Pattern 2: Orchestrator Agent Model

Add a special "orchestrator Agent" type running in its own container, responsible for reading the Workflow definition, maintaining state, and invoking other Agents through the platform API.

Suitable for scenarios where Workflow logic is complex and requires AI judgment to determine flow paths. The trade-off is introducing an additional Agent type that increases system complexity.

Pattern 3: Shared Workspace + Event-Driven

Agents don't communicate directly — they collaborate through a shared workspace (Git repositories, task boards).
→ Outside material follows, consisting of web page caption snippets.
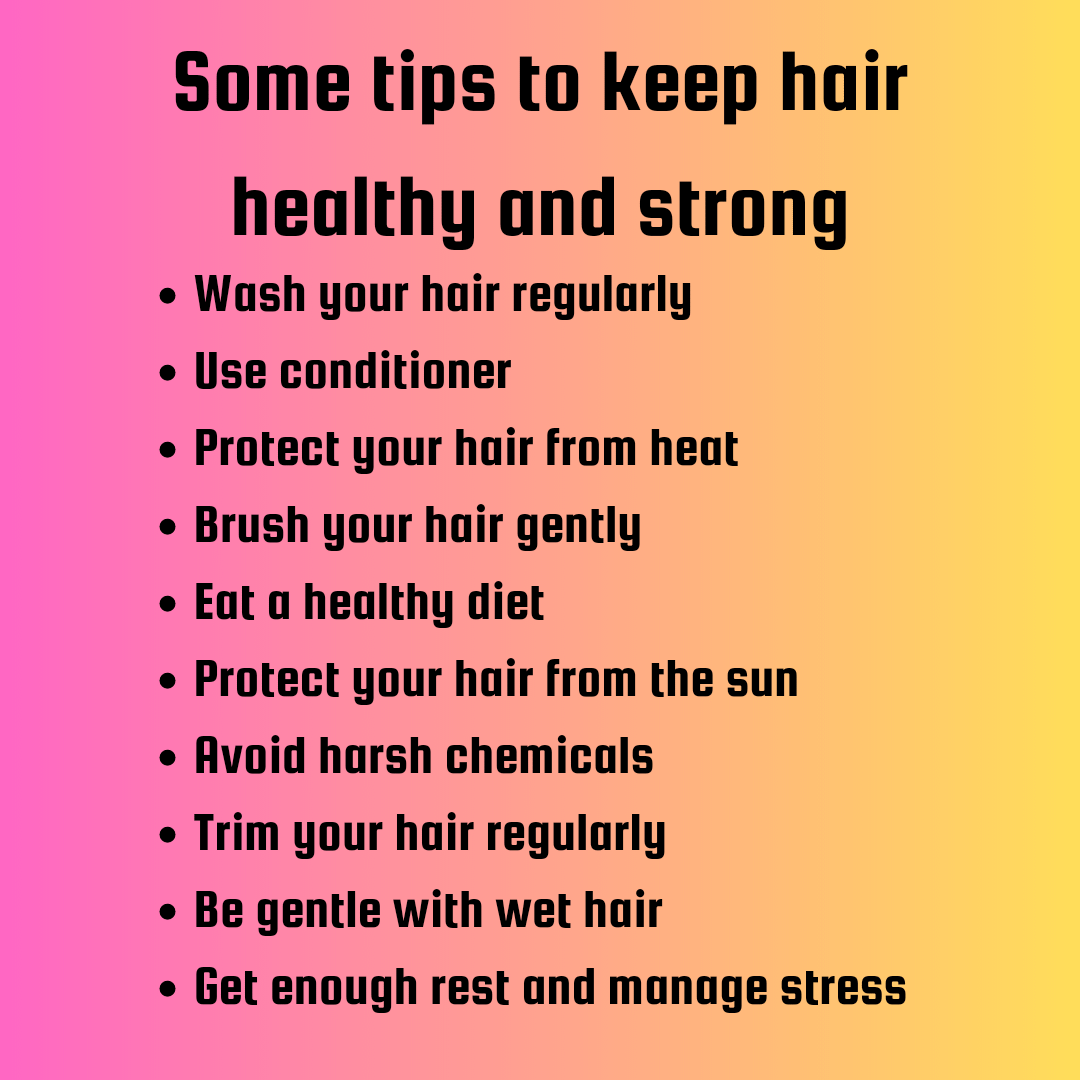 The Fascinating World of Hair Science, Culture, and Care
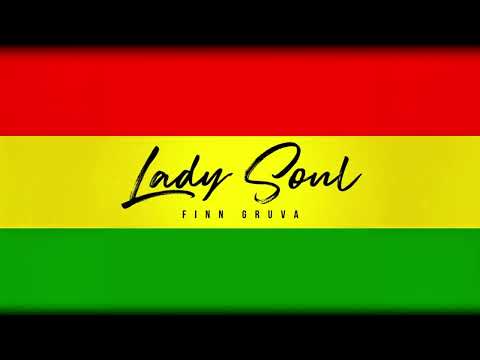 Finn Gruva - Lady Soul (Audio)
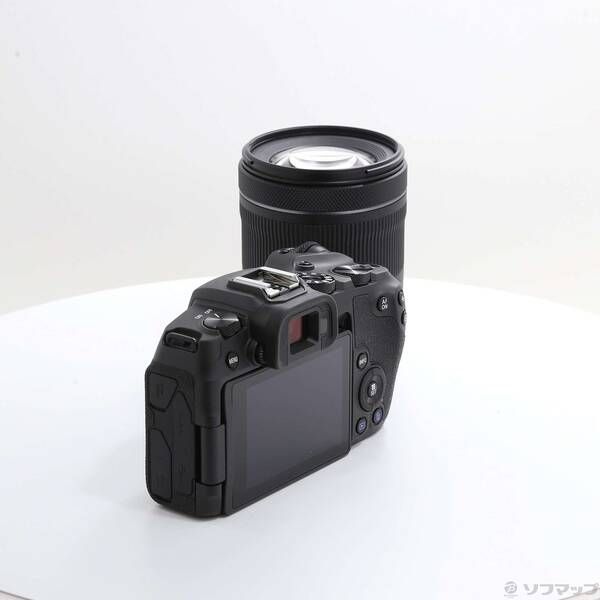 中古品〕 EOS RP RF24-105 IS STMレンズキット【349】 キヤノン、「EOS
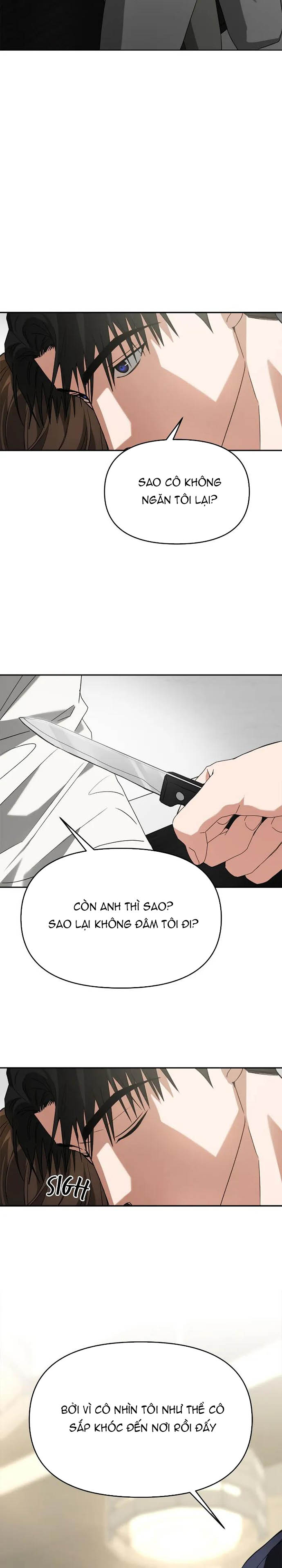 Gọi Tôi Là Ác Ma chapter 52.2 - Trang 7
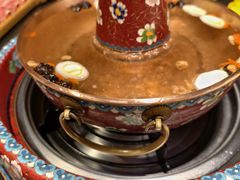 -羊大爷涮肉(亮马桥店)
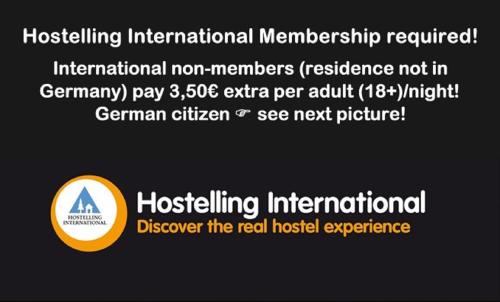 Wunsiedel Hostel | Jugendherberge Wunsiedel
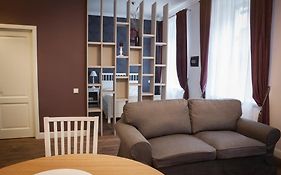 Vilnius street apartment Room photo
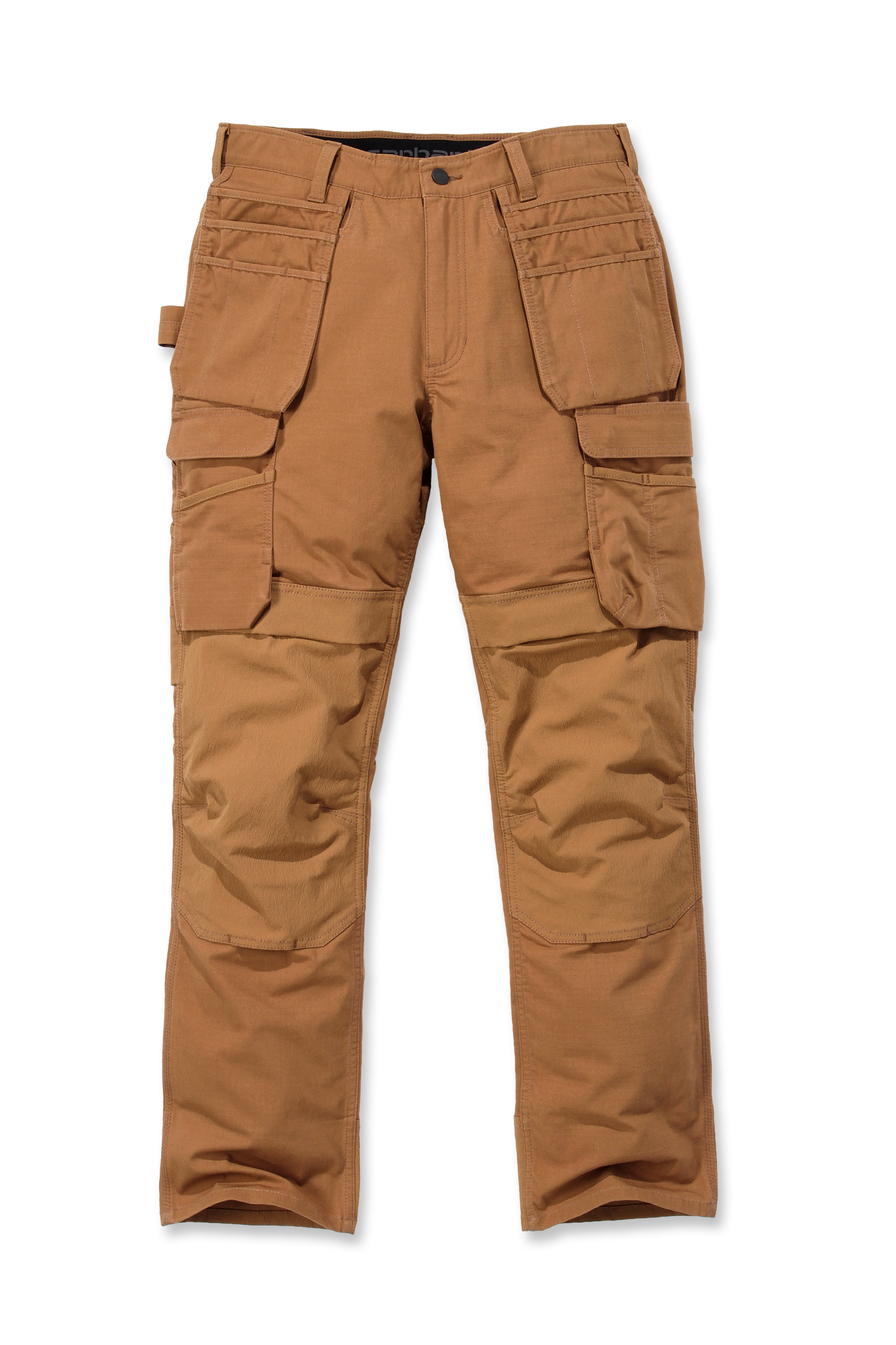 Kalhoty Carhartt Emea Full Swing Steel Multi Pocket Pant Carhartt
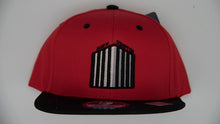 Load image into Gallery viewer, Compton Court Snapback
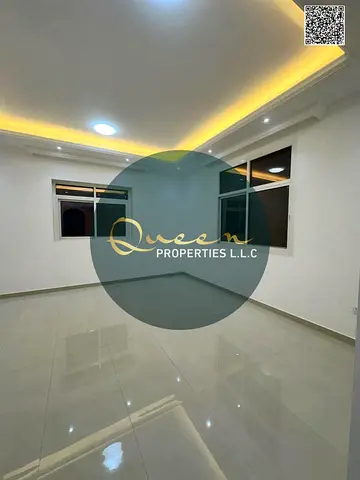 ملحق للايجار في منطقة الياسمين عجمان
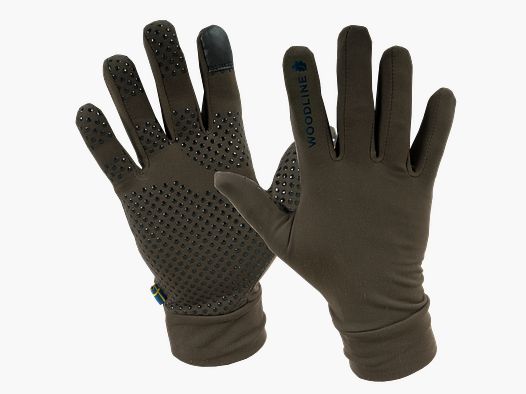 Woodline Handschuh Kumlan - M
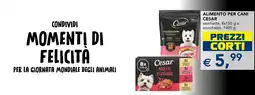 Esselunga Cesar Ricette Classiche offerta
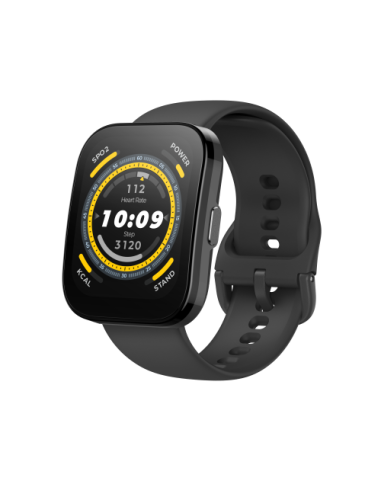 AMAZFIT BIP 5 DARK GRAY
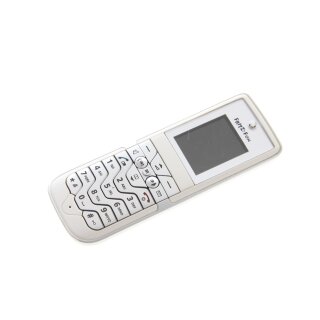 FritzFon C3 Mobilteil Hörer Handgerät Telefon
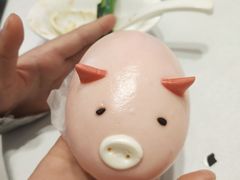 -圣丰盛宴酒家(东城店)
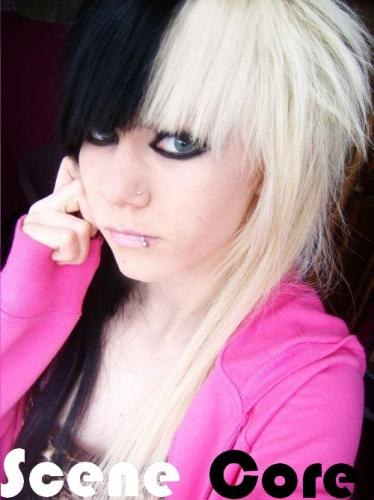 emo GiRl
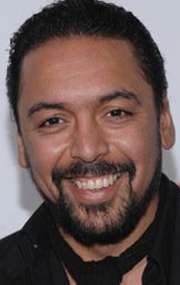 Актер Феликс Солис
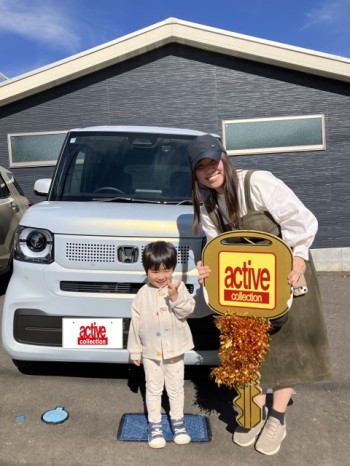 2025年11月10日のお客様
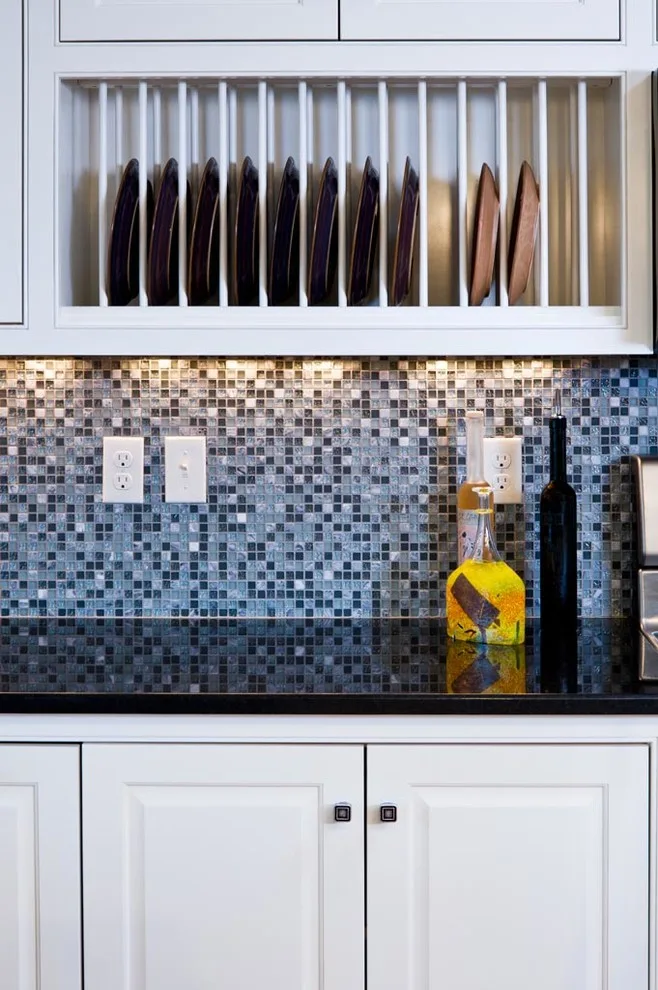 Jackson Culinary Initiative by Designs By Gia Interior Design And Renovation - Photo 3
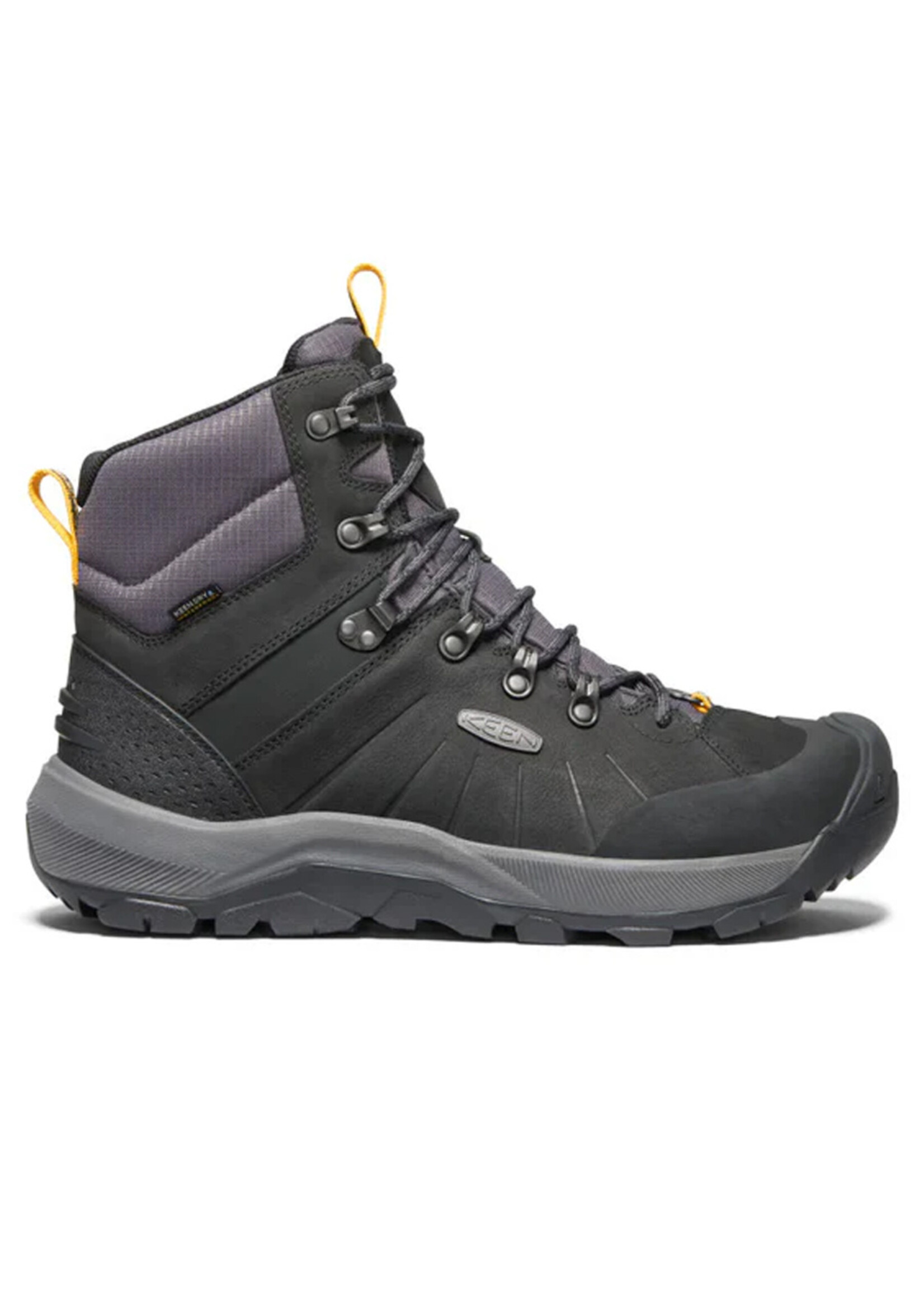 KEEN Bottes REVEL IV MID (Homme)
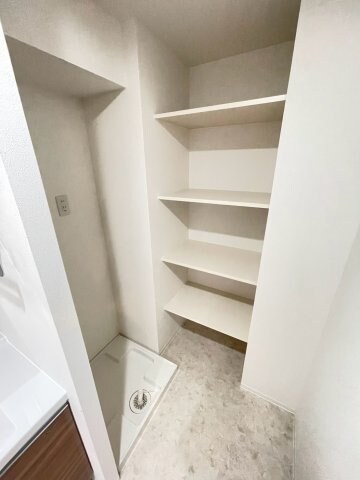 CREST西新の物件内観写真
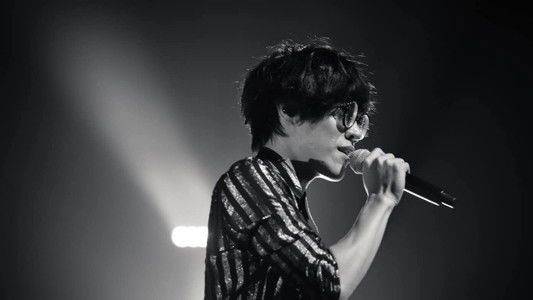 盧廣仲 11週年 大人中演唱會 LIVE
The Workflow defines what trigger conditions cause each Agent to intervene, and what artifacts they produce to trigger the next event.

Most robust (any one Agent failing doesn't affect others), but Workflow overall state is hard to visualize and difficult to debug — not suitable for enterprise scenarios requiring strong auditing and monitoring.

Recommendation: Platform Orchestration + Agent Execution

For enterprise Agent Platforms, Pattern 1 is recommended as the primary architecture, following these principles:

Agents don't hold Workflow knowledge: A development Agent shouldn't know it's part of a "requirements to deployment" Workflow. It should only know: what task input it received, and what it needs to output when done. Workflow business knowledge lives in the platform layer, Agent technical capability lives in the Agent layer — don't mix them.

Workflow phase-to-Agent mapping maintained at the platform layer: Each Workflow phase defines "what type of Agent is needed," and the platform finds the corresponding Agent instance and assigns the task. This way, Agent instance scaling doesn't affect Workflow definitions, and Workflow flow logic changes don't require Agent modifications.

Agents expose standard task interfaces: Each Agent should have a unified task-receiving interface — accepting structured task specs (objective, inputs, success criteria, constraints) and returning structured results (deliverables, status, confidence). This interface design is the Agent-layer mirror of the I/O standardization problem discussed earlier.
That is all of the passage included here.